→ Data for analysis
· · · · ·

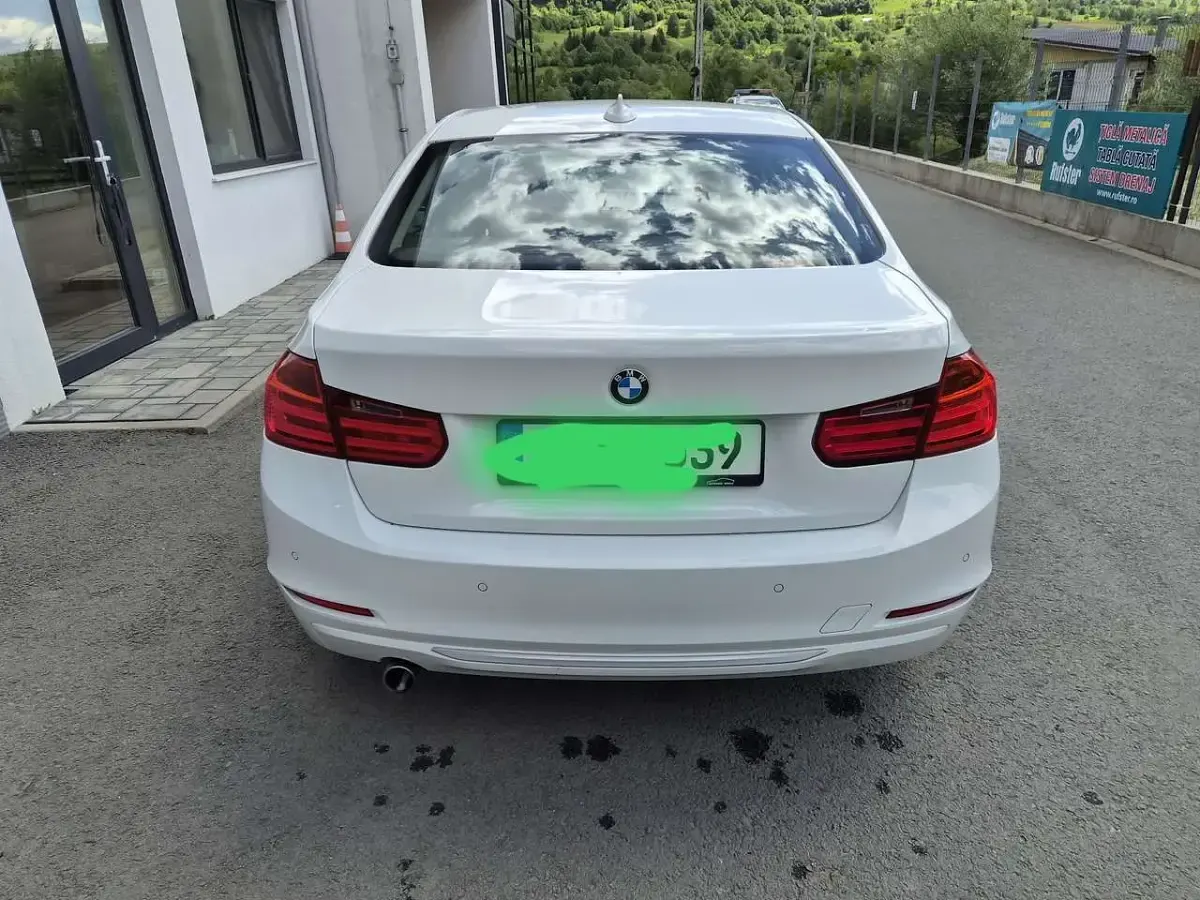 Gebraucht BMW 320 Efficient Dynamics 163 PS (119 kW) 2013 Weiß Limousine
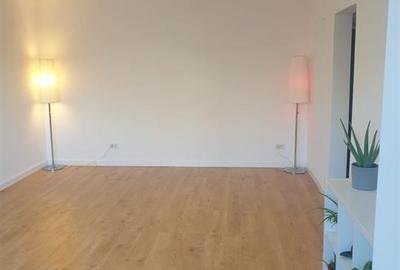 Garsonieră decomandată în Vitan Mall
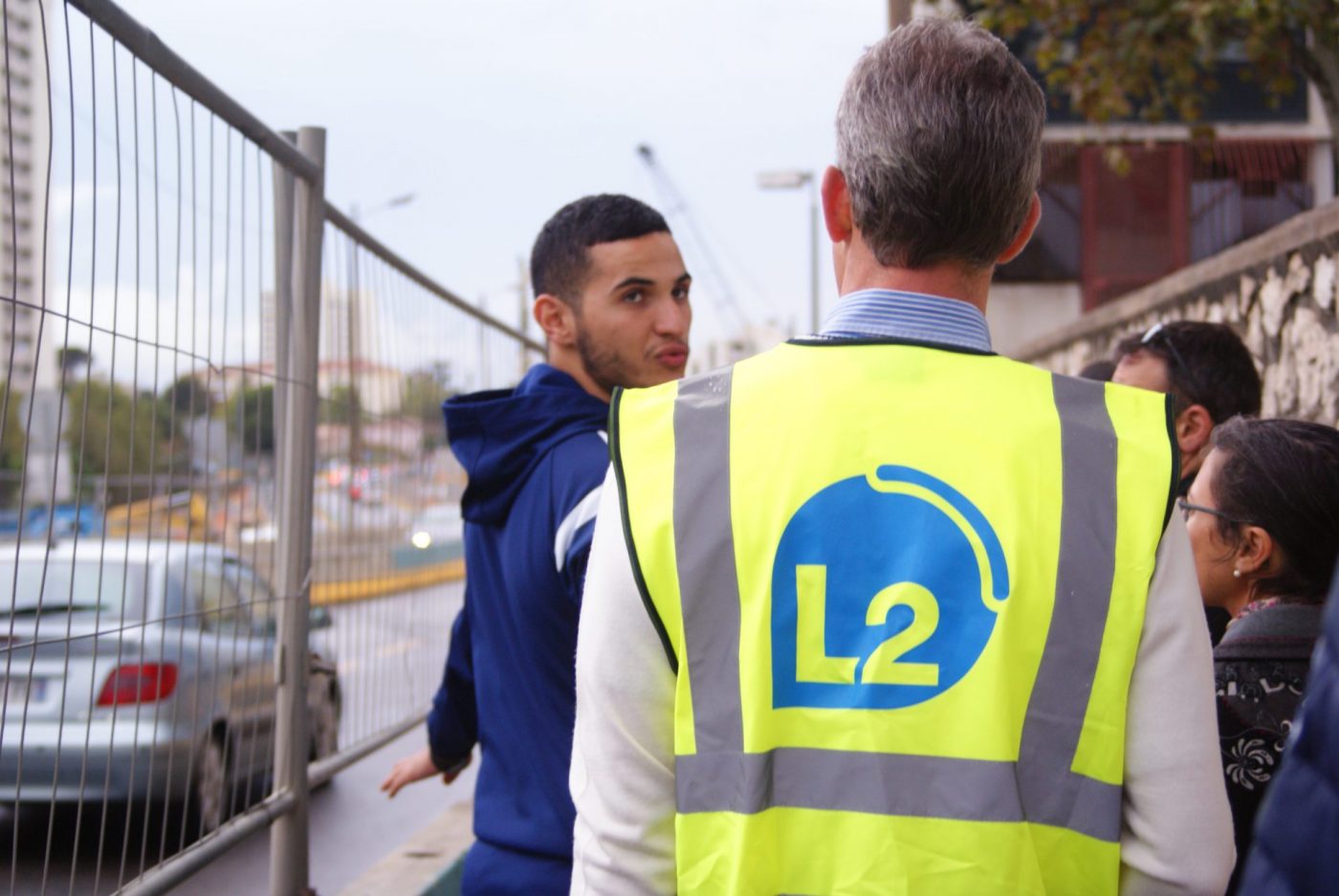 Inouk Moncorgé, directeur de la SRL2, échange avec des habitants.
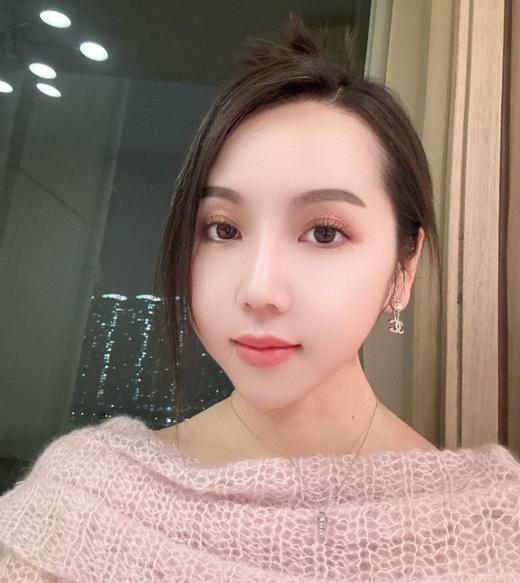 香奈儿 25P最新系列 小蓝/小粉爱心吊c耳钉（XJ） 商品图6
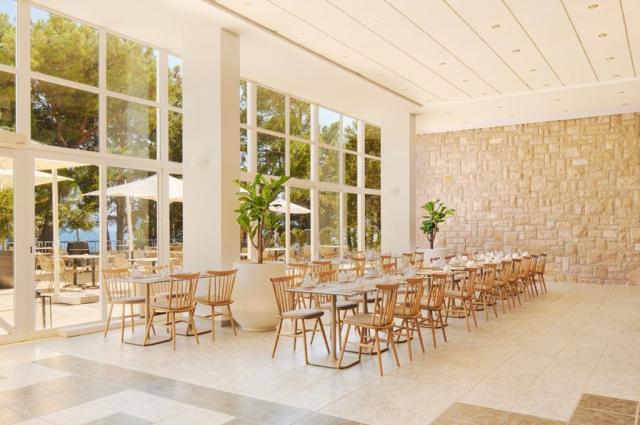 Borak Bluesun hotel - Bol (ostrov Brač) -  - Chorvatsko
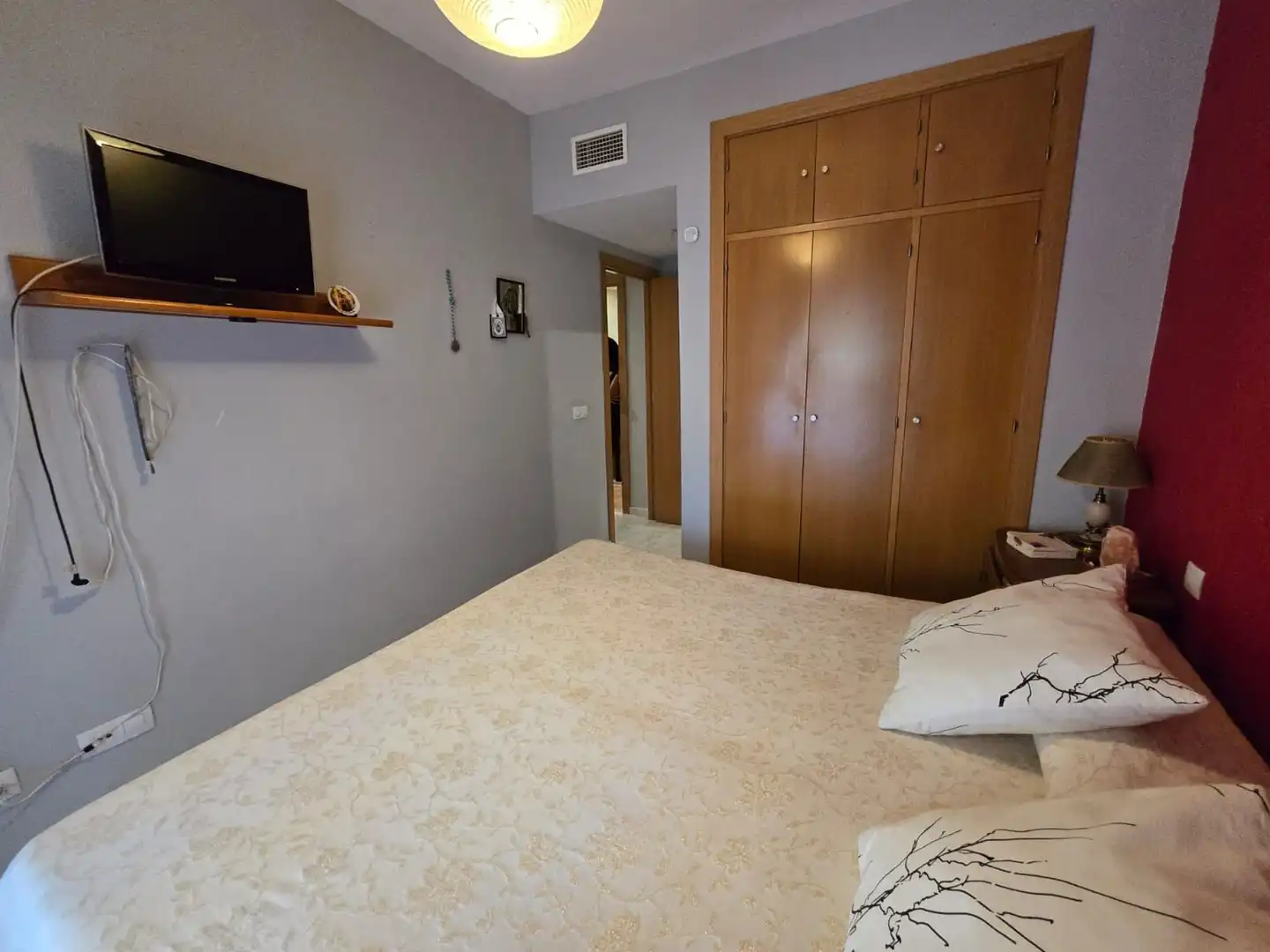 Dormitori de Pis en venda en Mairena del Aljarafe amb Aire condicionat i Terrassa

· · · · ·

→ Requirement
Nothing but the lines from the start of the listing through the line with "Borak Bluesun hotel" belongs in the answer, each one retyped exactly and without pictures.

→ Written reply
 Gebraucht BMW 320 Efficient Dynamics 163 PS (119 kW) 2013 Weiß Limousine
 Garsonieră decomandată în Vitan Mall
 Inouk Moncorgé, directeur de la SRL2, échange avec des habitants.
 香奈儿 25P最新系列 小蓝/小粉爱心吊c耳钉（XJ） 商品图6
 Borak Bluesun hotel - Bol (ostrov Brač) -  - Chorvatsko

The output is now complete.